Ten slotte kan de toepassing van die uitzonderingsbepaling geen afbreuk doen aan de beginselen dat de directeur of de door hem gedelegeerde ambtenaar geen tweemaal over hetzelfde voorwerp kan beslissen (zie ook nummer 367/6).
Nummer 367/5
De toepassing van art. 367, WIB 92, is onderworpen aan de voorwaarde dat de "andere" belasting op dezelfde bestanddelen is gevestigd als die waartegen een geldig bezwaarschrift wordt ingediend, maar niet dat beide aanslagen dezelfde belastingplichtige betreffen. Het volstaat dat het gaat om een bij art. 357, WIB 92, met dezelfde belastingplichtige gelijkgestelde persoon (Cass., 9.2.1960, PVBA "Van Herck en Cie" en consoorten, Bull. 366, blz. 1191).
Nummer 367/6
In dat verband wordt erop gewezen dat:
- een bezwaarschrift tegen een aanslag slechts van ambtswege kan gelden voor de andere aanslagen gevestigd op dezelfde betwiste bestanddelen, voor zover die andere aanslagen werden ingekohierd vóór de datum van de beslissing van de directeur der belastingen of van de door hem gedelegeerde ambtenaar, ongeacht of die beslissing al dan niet het voorwerp is van een vordering in rechte (indien men zou aannemen dat een bezwaarschrift geldt voor na de beslissing gevestigde belastingen, zou men moeten aannemen dat de directeur der belastingen of de door hem gedelegeerde ambtenaar twee beslissingen mag nemen over hetzelfde bezwaarschrift);
- de directeur der belastingen of de door hem gedelegeerde ambtenaar slechts de uitzonderlijke bepaling kan toepassen bij een beslissing die uitspraak doet over het bezwaarschrift (om het nadien te kunnen doen, zou de directeur of de door hem gedelegeerde ambtenaar bij machte moeten zijn aanvullende beslissingen te nemen). Met andere woorden, opdat er zelfs maar sprake zou kunnen zijn van een ambtswege uitbreiding van een bezwaarschrift, moet dat bezwaarschrift nog steeds bestaan, dat wil zeggen, het moet nog steeds hangend zijn;
- indien, om een of andere reden, de directeur der belastingen of de door hem gedelegeerde ambtenaar nalaat art. 367, WIB 92, toe te passen, moet de belastingplichtige de beslissing van de directeur der belastingen of van de door hem gedelegeerde ambtenaar binnen een termijn van drie maanden vanaf de kennisgeving van de beslissing aan de rechtbank van eerste aanleg voorleggen (de directeur der belastingen of de door hem gedelegeerde ambtenaar zou de leemte welke in de beslissing voorkomt niet van ambtswege kunnen aanvullen zonder een aanvullende beslissing te nemen).

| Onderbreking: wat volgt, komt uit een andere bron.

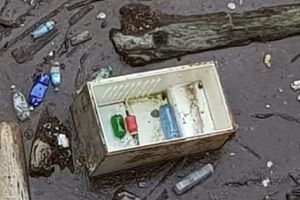 Un frigider în lacul Vidraru!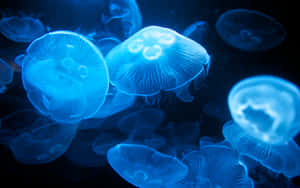 Glowing_ Blue_ Jellyfish_ Underwater Wallpaper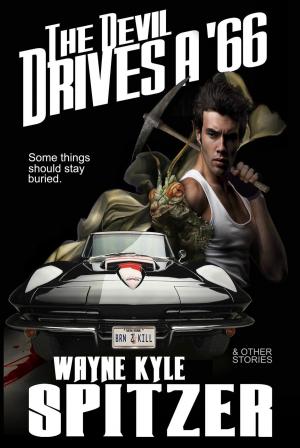Cover of the book The Devil Drives a '66 (And Other Stories) by Anders Brink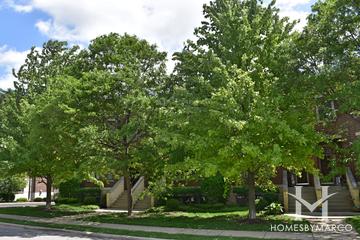 Brownstones on Evergreen subdivision in Arlington Heights, IL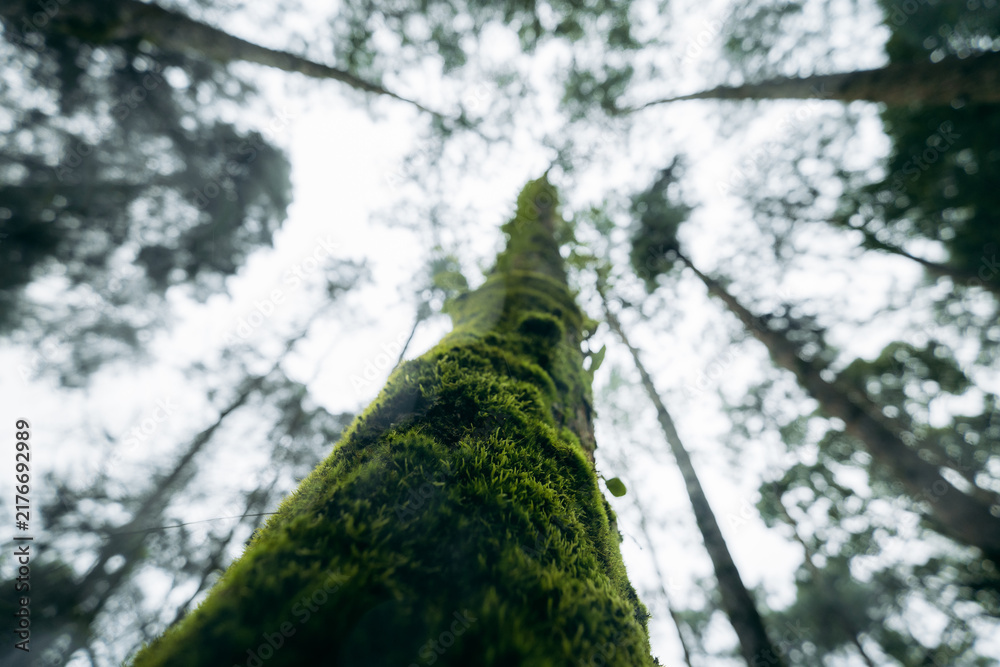 Obraz premium Low angle view looking up a tall mossy tree trunk with ferns in a misty rainforest.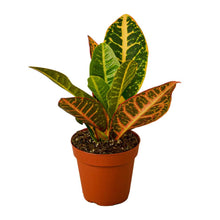 Load image into Gallery viewer, Croton Petra 'Joseph's Coat'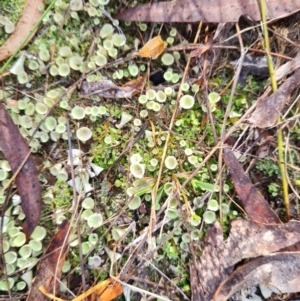 Cladonia sp. (genus) at Mount Rogers - 19 Mar 2024 10:18 AM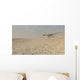 Coelophysis Running across Barren Wall Decal Design 2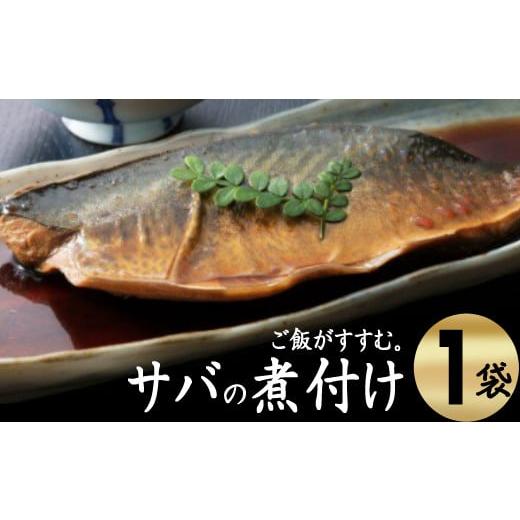 ふるさと納税 魚貝類 高知県 室戸市 ＥＰＡが豊富 初音のサバの煮付け 半身×１枚 さば 鯖 DHC...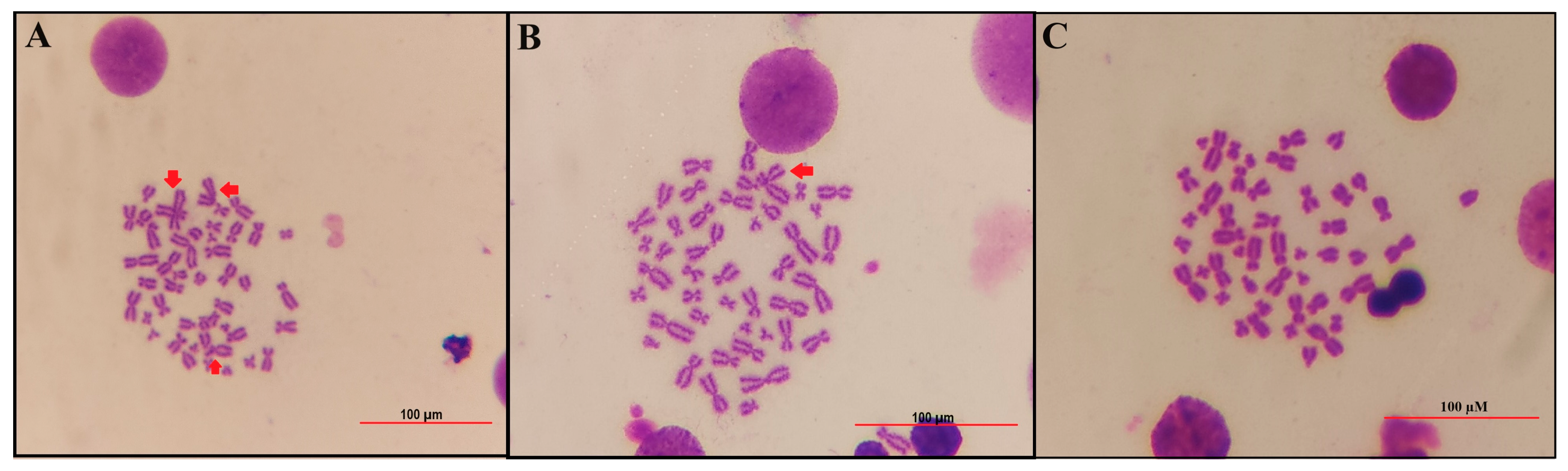 Toxics 12 00098 g004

III. NIEUW BEZWAARSCHRIFT NADAT REEDS EEN DEFINITIEF GEWORDEN BESLISSING WERD GENOMEN
Nummer 367/7
Er mag geen afbreuk worden gedaan aan het gezag van het administratief gewijsde verbonden aan een voorheen genomen definitief geworden beslissing. Art. 375, tweede lid, WIB 92, schrijft met name voor dat "deze beslissing onherroepelijk is wanneer geen vordering is ingesteld bij de rechtbank van eerste aanleg binnen de in artikel 1385undecies van het Gerechtelijk Wetboek vermelde termijn."
De grief waarover de directeur of de door hem gedelegeerde ambtenaar reeds heeft beslist, zij het op grond van de uitbreiding voorzien in art. 367, WIB 92, kan niet binnen het raam van een nieuw bezwaarschrift opnieuw worden onderzocht.
Maar wanneer ingevolge de toepassing van art. 367, WIB 92, de gevestigde belastingen reeds het onderwerp waren van een definitieve beslissing, behoudt de belastingplichtige het recht om binnen de wettelijke termijn tegen die aanslagen een nieuw bezwaarschrift in te dienen zo hij hiertegen andere dan de vroeger reeds aangehaalde bezwaren wil doen gelden. De beslissing over het nieuwe bezwaarschrift mag evenwel geen wijziging brengen aan de reeds vroeger beslechte punten.